§ **What the task requires**:
Could you print the stretch of lines below from the one with "I will repeat" through the one with "After that, you", exactly as they stand and without any pictures?

§ **Provided data**:

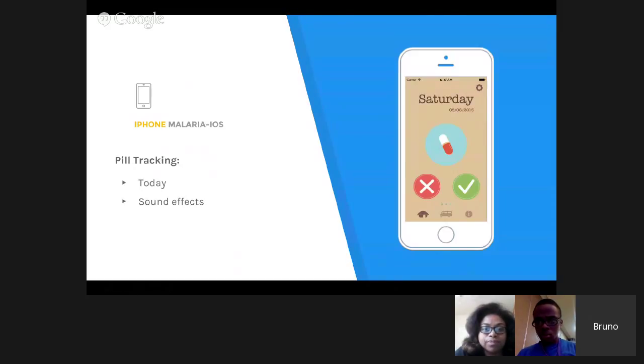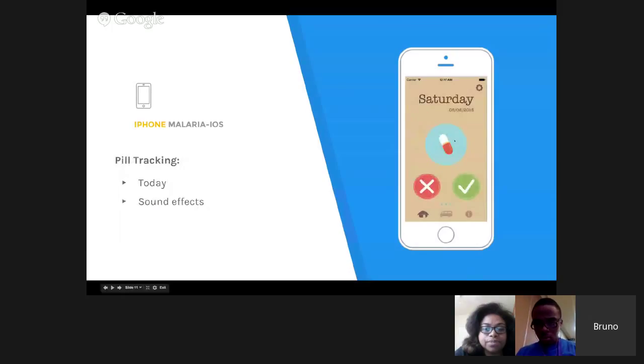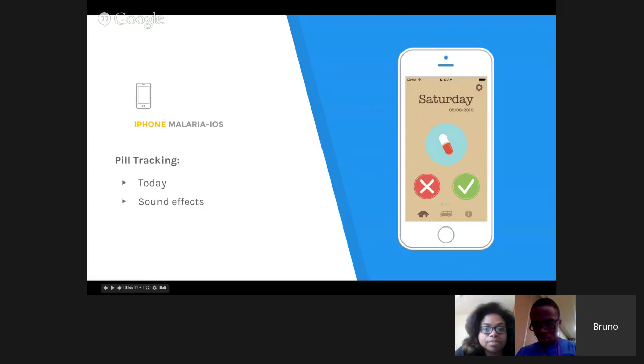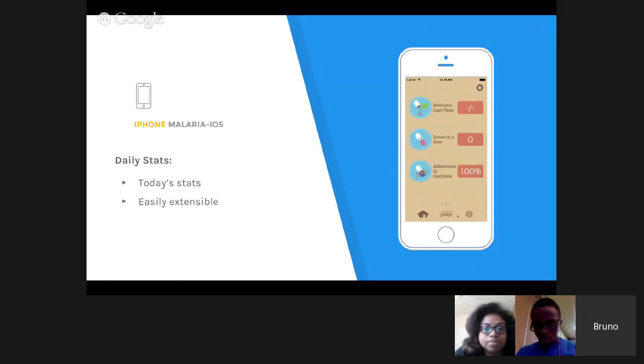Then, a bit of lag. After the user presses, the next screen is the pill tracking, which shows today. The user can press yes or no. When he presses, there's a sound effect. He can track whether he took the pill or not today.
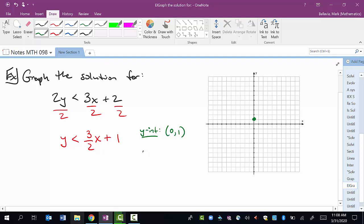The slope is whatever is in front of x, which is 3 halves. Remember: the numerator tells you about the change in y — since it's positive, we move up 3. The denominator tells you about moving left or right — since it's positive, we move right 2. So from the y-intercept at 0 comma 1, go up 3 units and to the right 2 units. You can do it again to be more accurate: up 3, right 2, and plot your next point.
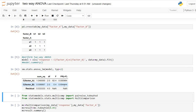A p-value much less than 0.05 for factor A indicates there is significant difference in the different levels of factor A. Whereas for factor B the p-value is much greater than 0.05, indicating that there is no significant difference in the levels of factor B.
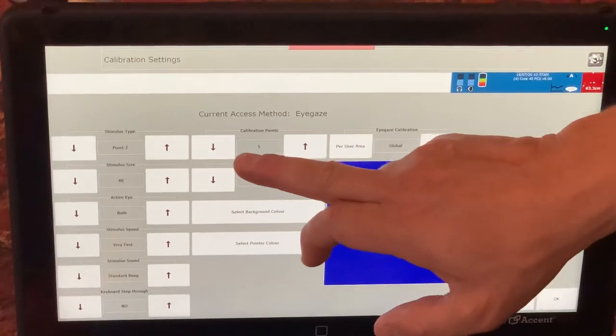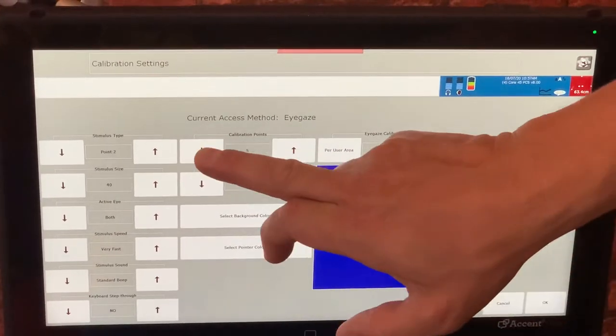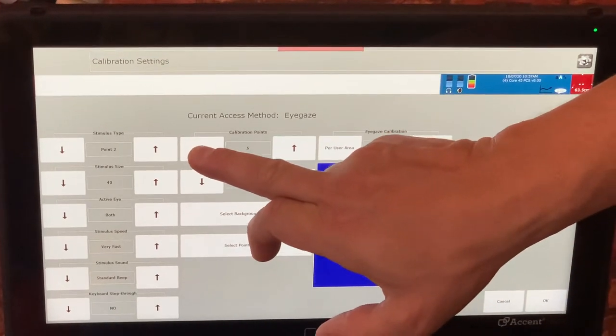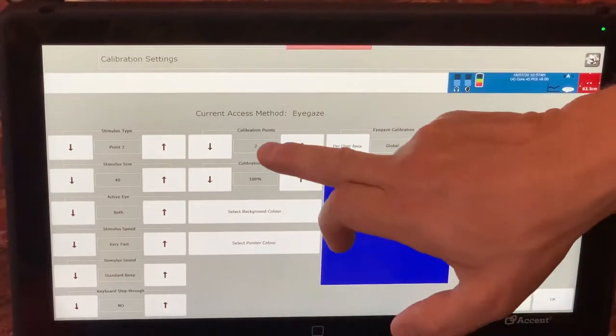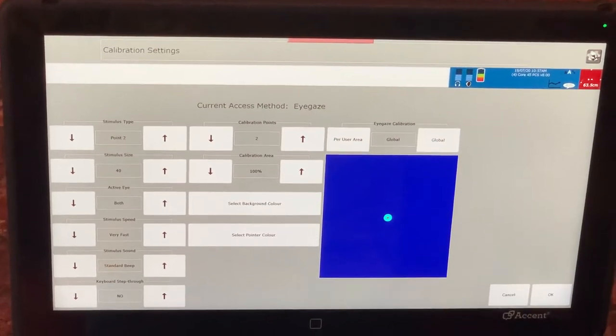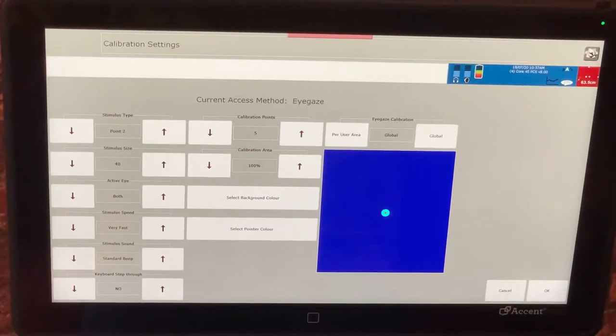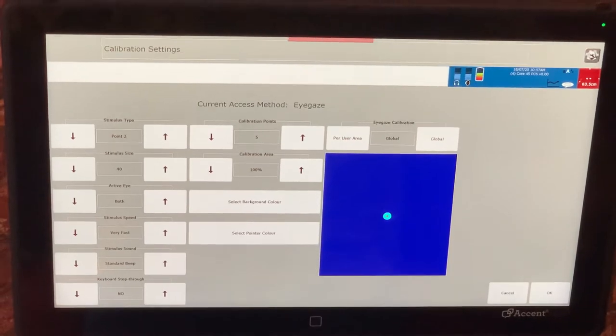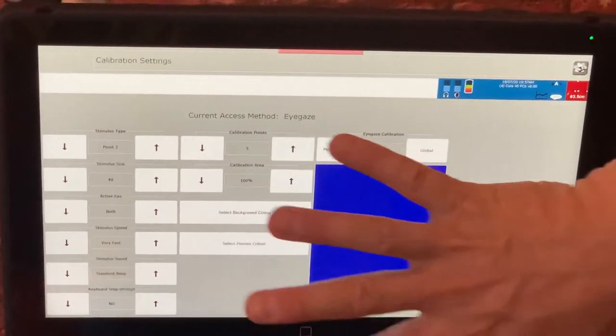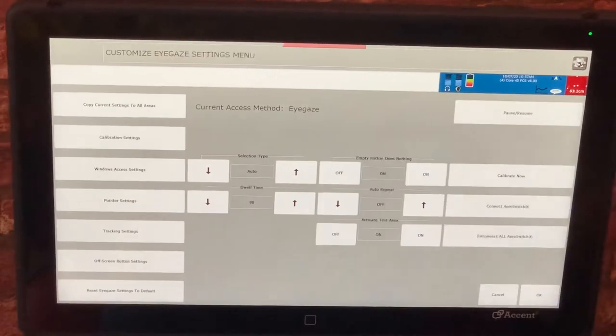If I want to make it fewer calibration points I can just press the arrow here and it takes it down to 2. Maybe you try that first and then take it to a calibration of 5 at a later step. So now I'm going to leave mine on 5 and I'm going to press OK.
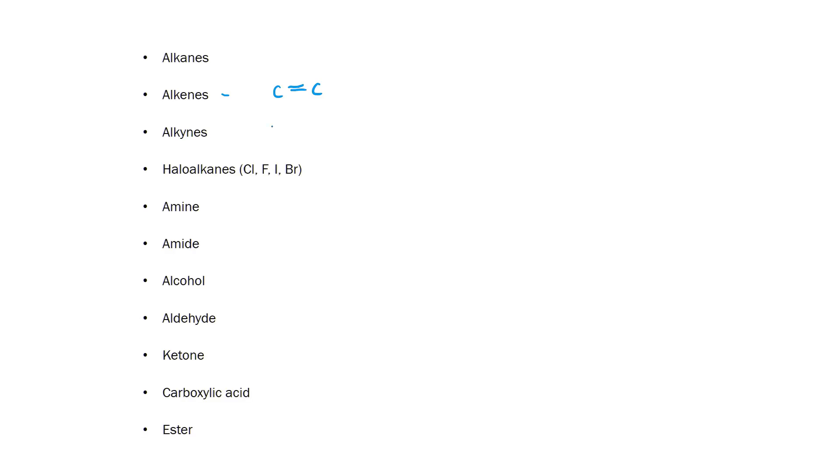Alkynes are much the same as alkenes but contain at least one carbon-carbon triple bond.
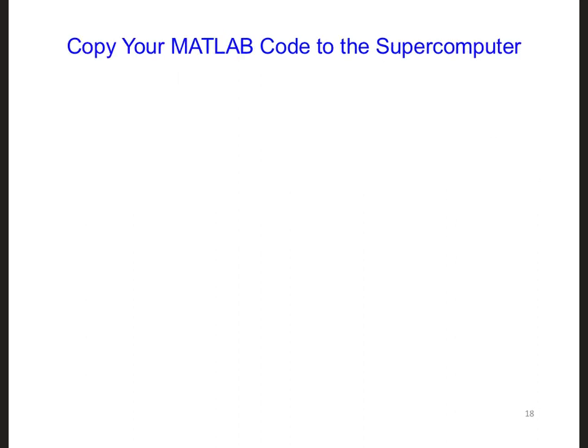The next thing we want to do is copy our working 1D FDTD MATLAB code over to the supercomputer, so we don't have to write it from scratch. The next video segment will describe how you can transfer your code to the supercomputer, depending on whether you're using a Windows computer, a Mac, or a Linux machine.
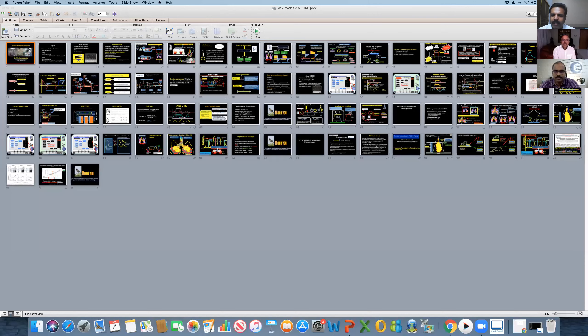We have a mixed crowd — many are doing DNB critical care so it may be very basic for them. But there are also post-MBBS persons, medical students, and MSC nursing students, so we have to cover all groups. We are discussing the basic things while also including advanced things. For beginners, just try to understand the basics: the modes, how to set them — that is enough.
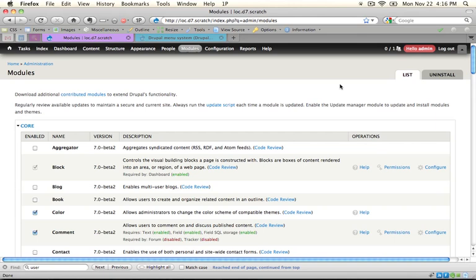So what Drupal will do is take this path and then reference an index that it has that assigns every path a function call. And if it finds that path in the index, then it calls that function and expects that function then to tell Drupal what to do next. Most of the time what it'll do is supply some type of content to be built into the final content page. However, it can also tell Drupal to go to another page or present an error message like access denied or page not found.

--

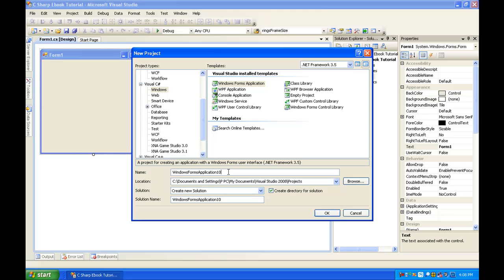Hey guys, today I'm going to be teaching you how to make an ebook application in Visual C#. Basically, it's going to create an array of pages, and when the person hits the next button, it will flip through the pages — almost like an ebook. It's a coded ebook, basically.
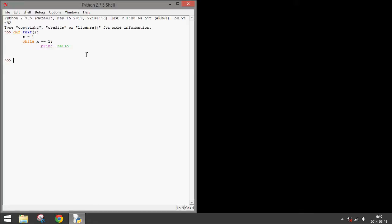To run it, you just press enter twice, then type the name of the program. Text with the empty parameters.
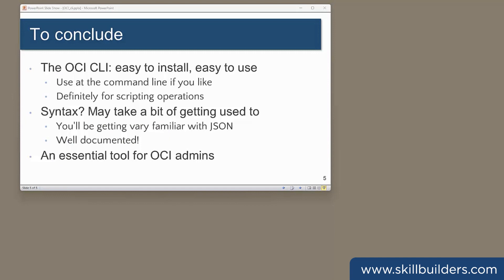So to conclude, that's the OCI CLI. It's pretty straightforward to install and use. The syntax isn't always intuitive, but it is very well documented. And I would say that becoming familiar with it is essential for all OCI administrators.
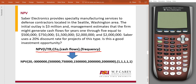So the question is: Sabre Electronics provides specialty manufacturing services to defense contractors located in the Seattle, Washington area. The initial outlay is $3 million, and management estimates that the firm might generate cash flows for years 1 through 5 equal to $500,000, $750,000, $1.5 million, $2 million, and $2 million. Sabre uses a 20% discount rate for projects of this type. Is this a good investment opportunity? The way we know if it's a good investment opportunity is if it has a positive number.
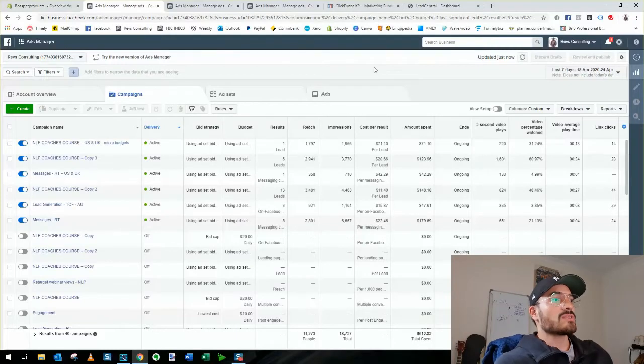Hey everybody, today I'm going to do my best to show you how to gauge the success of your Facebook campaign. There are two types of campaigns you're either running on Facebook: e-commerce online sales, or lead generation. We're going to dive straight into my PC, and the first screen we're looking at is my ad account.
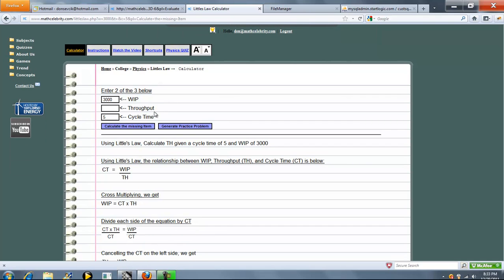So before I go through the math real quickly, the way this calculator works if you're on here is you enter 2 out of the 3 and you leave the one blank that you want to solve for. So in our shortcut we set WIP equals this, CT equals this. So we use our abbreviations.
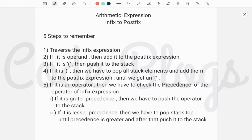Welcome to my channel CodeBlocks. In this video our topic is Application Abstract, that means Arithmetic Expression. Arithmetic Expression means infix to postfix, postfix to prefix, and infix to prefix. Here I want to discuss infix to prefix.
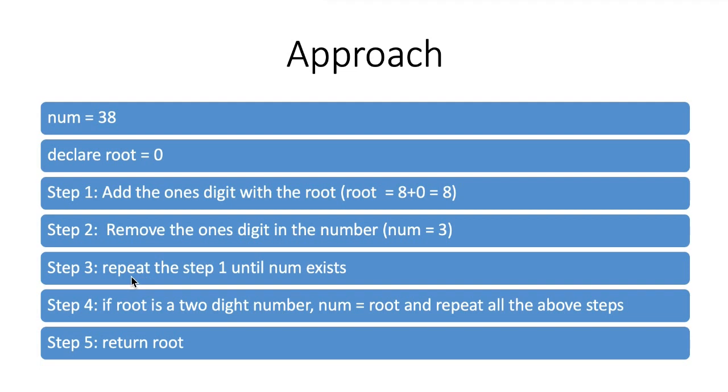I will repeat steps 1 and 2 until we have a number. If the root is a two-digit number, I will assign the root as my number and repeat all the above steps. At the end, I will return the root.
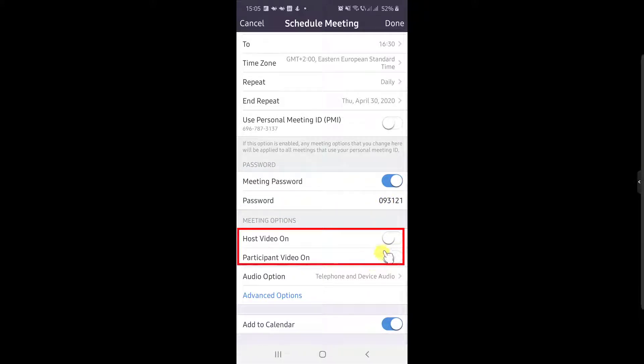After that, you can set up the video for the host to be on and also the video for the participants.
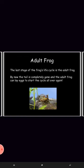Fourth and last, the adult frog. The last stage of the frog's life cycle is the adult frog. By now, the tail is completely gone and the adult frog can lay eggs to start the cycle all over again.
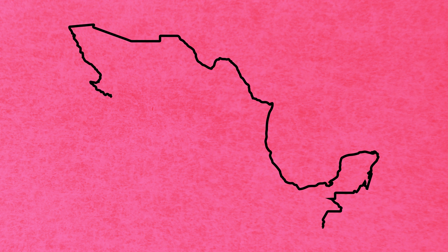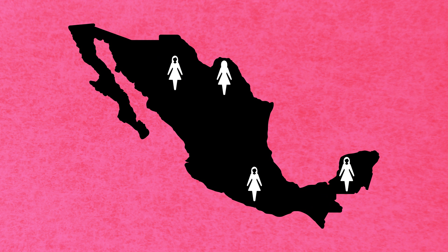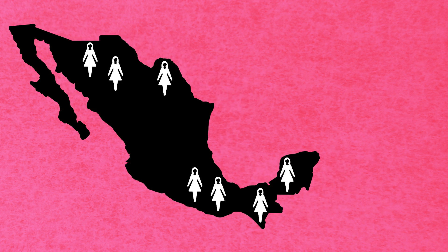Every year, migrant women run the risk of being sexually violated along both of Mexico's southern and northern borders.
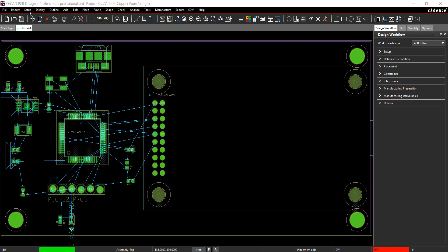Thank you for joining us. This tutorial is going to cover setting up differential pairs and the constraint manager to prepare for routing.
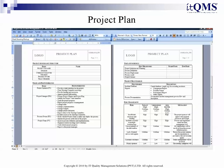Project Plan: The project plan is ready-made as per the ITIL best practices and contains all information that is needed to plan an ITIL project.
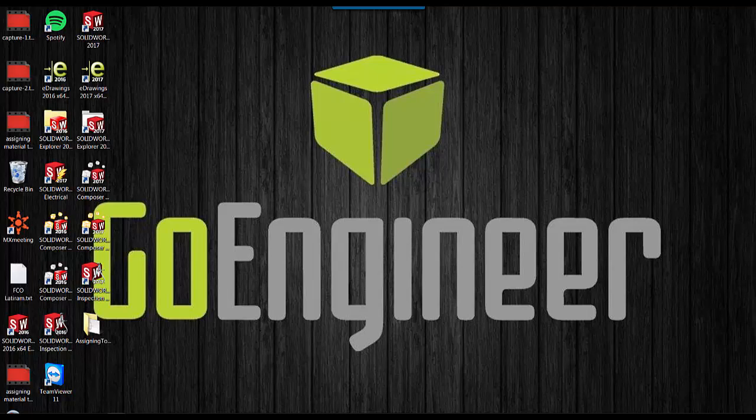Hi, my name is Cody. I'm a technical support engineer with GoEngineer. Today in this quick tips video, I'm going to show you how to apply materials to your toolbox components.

§ **Solution for this exercise**:
I will repeat steps 1 and 2 until we have a number. If the root is a two-digit number, I will assign the root as my number and repeat all the above steps. At the end, I will return the root.
After that, you can set up the video for the host to be on and also the video for the participants.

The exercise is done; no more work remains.